Benchmarks give substance to and concretize the development framework. As such, benchmarks are seen as the elements that actualize the framework. In our work in the education sector, we are familiar about the fundamental principles that made up the framework, thus:

Education and literacy are basic rights of everyone, young and old; they must be inclusive and equitable; they must promote human development, empowerment, community cooperation, social cohesion, multi-cultural sensitivity and social justice.

Benchmarks are designed to operationalize these basic principles. They should cover the following broad areas:

1.      policies
2.      programs
3.      resources
4.      organization and systems
5.      governance processes
6.      participation
7.      transparency
8.      social equity
9.      consensus and social support
10.     information/knowledge (on the context and development process)

These can be used as starting point for enriching the concept on benchmark and developing particular indicators. 

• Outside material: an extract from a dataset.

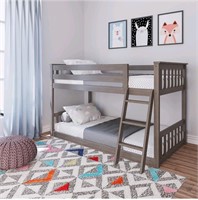 Max & Lily Twin Over Twin Low Bunk Bed with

ASPBAE’s Education Watch Initiative

ASPBAE, a network of civil society organizations, institutions and agencies involved in literacy and basic education, is currently undertaking an Education Watch initiative which is designed as an independent, citizenry-based monitoring of EFA. The initiative is being piloted in eight countries in South Asia, Southeast Asia and the South Pacific. This initiative seeks to strengthen the advocacy to address the education deficit, the bulk of which are accounted for by children and adults coming from poor and disadvantaged background, including girl children and women. Access, gender, literacy and financing are major concerns that will be covered and studied through this initiative.

The project seeks to determine the magnitude of the EFA deficit, analyze the underlying causes of deprivation, monitor changes over time and identify factors that can account for such changes. It is designed to inform policy, formulate well-targeted programs and identify and locate beneficiaries to effectively cover the EFA deficit. The results of the monitoring project will feed into the ongoing advocacies of ASPBAE and member coalitions. The monitoring outcome also hopes to support the current efforts toward developing appropriate benchmarks on adult education.


 

Contributions


Dear colleagues,

There are arriving contributions and comments from different points of the planet, united by a common objective that is the advocacy for the right to education and lifelong learning.
We thank and share these interesting contributions and the support of Bernard Hagnonnou from Benin, Punya Bhandari from Nepal, Purnima Gupta from India, Clarence E Pilgrim from Antigua & Barbuda, and Shaheen BUNYAD, Lahore.

We also want to clarify the way this list is working. The list is  moderated, which means that messages don’t come directly to the list. We receive the messages in the ICAE office in Montevideo, and then we translate them before they are included in the list. The list moderation also lets us graduate the quantity of messages that are published every day, in order to make the seminar follow-up easier.

Thanks for your interest, and we encourage you to share more comments and inputs.

Cecilia Fernández



From Bernard Hagnonnou - Benin

Dear Cecilia

I wish to thank the ICAE Secretariat for taking advantage of ICT possibilities today to disseminate information and knowledge about adult education issues.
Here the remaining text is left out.